As a beekeeper, she makes a special point to avoid any pesticides or other chemicals that would harm her hive. The sensitivity both insects and animals show to certain plants or pesticides is something that can’t be overlooked. Something as simple as a lack of nonnative plants can completely throw off the nesting and eating habits of songbirds by repelling the insects they rely on as food and hindering or outright stopping their ability to breed in an area. 

In her lawn and garden, Liselotte Vince refrains from using any chemicals or pesticides, which would affect her bees. (Photo: Liselotte Vince)

“We have gardened and landscaped throughout the last 300 years to encourage alien plants to replace natives and disrupt ancient ecosystems,” says Diane Greenberg, co-owner of the Catskill Native Nursery. “Our ecosystems do not have the ability to adapt quickly enough to remain stable and healthy, and now we are seeing the consequences in form of far fewer birds, amphibians, bats and insects.”

Here in the Valley, you can see firsthand the damage invasive species have caused. The woolly adelgid was likely introduced on ornamental Japanese hemlocks. It leaves many hemlock trunks looking like coatracks as all but the stubs of their branches fall off before the trees ultimately die. And barberry, another ornamental that got loose from gardeners, supports higher tick populations, helping incubate more Lyme disease.

A pleasant tangle of native plants at Catskill Native Nursery in Kerhonkson. (Photo: Catskill Native Nursery)

The mutual benefits of a thriving ecosystem become clear if you think beyond wildlife habitat and view humans as a part of nature. Gardening can encompass growing local food or medicinal herbs and include tangible benefits for the body and mind, says Bryan Quinn, founder of One Nature, a landscape construction, plant nursery and consulting business based in Beacon. “The other side of it is that the garden, and the land in general, is an opportunity for self-nourishment,” Quinn says. “So much of our environmental problems come from our own illness or sickness.”

Inspired to do all you can for a balanced earth in your own backyard, or even on your apartment balcony? Starting online, there are a number of resources you can turn to. The Audubon Society maintains a database by ZIP code of native plants that attract birds, and the National Wildlife Federation hosts a similar model focused on benefiting moths and butterflies. Regional native gardening groups and forums are growing, too. And when you plant native, consider marking your action on eco-nectar, an interactive mapping project started in the Hudson Valley.

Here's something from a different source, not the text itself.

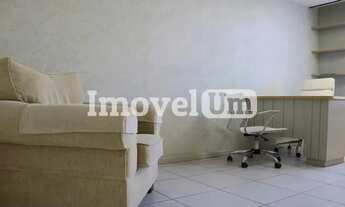 Imagem 6: Barra da Tijuca Galpão / depósito com 1 vaga na garagem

Offline, consult books, knowledgeable neighbors, your local native plant nursery or a regional resource like the Native Plant Center at Westchester Community College. To deepen your reading, consider a seminar: the Poughkeepsie Public Library is holding one on Nature’s Best Hope this spring. Between all these sources, it shouldn’t be long before you’ll be able to choose the right plants, ID any invasive species and support more biodiversity in your own backyard.

Dalvin Aboagye is a writer based in the Hudson Valley and the Catskills. He’s also written for The River and Thrillist.